I wish it was that quiet in my truck. My 2000 XLS started to exhibit a rattle/squeak from the B pillar this past week. It happens when going over bumps, and depending on the speed and/or whether I am at a bend in the road it is louder or quieter. I read Ryster's many problems with a bad welding job on his 2000 XLS and I hope I am not in for the same.
I'm particularly frustrated, as this wonderful Ford vehicle just had a new transmission put in last month with 21,000 on the odometer.
Just out of curiosity, when was your Explorer built? Mine was built 5/00 (according to the sticker on the door). Maybe there are a string of Explorers with bad welds?
Later!
Funny as it seems, today it really wasn't making too much racket after days of it getting worse and worse. I definitely will get it looked at soon, though.
Aw heck, may as well ask one more question while I'm signed in here...my steering column seems to have aquired a squeak when going over rough patches in the road. Thoughts?

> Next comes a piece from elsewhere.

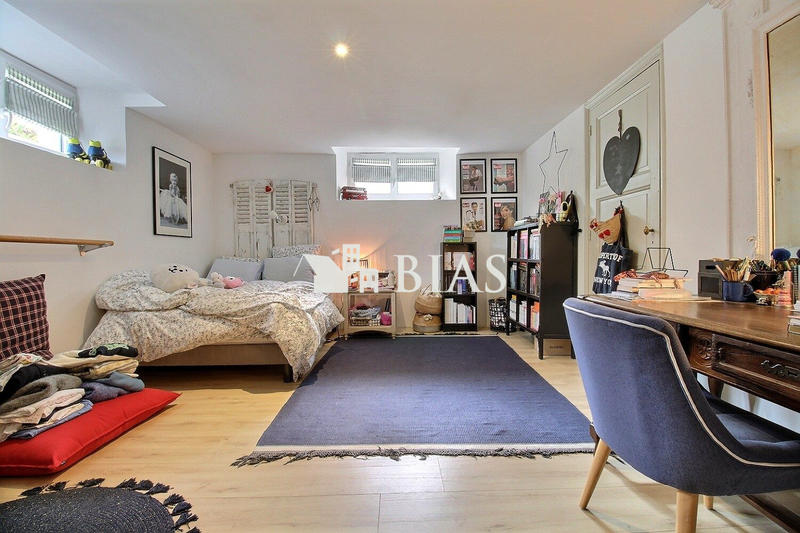 Maison - 206 m² - 10 pièces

I think I have pinpointed the area of concern regarding my previous postings on my rattle/clicking noise from the front passenger side of my 97 Explorer...it seems the rubber stripping along the door and into the windshield area is somewhat loose - the clicking (I think) comes from it heating up, expanding, and sticking to another piece of stripping in the same area. I'm not sure if I can do anything about it, but I can replicate the sound now, and sort of make it disappear by manipulating the rubber bits in that area.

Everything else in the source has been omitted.